One wouldn’t be able to tell it was Fomina’s first ever protest the night before, when the women gathered to practice in a hostel room overlooking the Moscow river. I had never covered this intimate process of preparation for an act of protest before. Moreover, it was the first time I met the activists, and I barely knew their leader Anna Hutsol. That left me slightly confused.
The day before the elections, Hutsol replied to my request to come and photograph them, saying she would most likely agree. All day long, in my head I was going through pictures of Femen shot by Alessandro Bianchi in Italy, Gleb Garanich in Ukraine, photos that had won at the World Press Photo and POYi, trying to make mine different. My fears about repeating what had been shot already proved groundless, thanks to the interior of the Soviet-style apartment made into a hostel.

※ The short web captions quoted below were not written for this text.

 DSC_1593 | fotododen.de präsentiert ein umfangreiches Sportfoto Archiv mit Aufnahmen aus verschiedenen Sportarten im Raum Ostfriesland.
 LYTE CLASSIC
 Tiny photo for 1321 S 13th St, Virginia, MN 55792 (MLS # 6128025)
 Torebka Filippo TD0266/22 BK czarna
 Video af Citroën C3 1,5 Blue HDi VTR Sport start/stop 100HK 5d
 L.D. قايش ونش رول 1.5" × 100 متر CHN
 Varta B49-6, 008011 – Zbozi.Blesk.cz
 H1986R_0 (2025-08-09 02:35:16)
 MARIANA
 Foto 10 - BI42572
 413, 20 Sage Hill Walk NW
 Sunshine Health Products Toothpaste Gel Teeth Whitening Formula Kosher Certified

Hotsol called me to say the hostel only allowed guests until 23:00. The complicated thing was that the FIS Snowboard World Cup, which I was covering that day, did not end until 21:00. By 21:40, I was at the address Hutsol had sent me. A few male hostel guests lazily sat in front of a TV set in their sweat pants, clueless about what was being prepared next door.
The host, who had no idea about the organization the good-looking young women belonged to, asked them to take photos of themselves in the interiors of the hostel and write a review about it. She wanted to use them for advertisements in the future. We laughed as we found the offer funny given Femen’s growing popularity in Russia and abroad.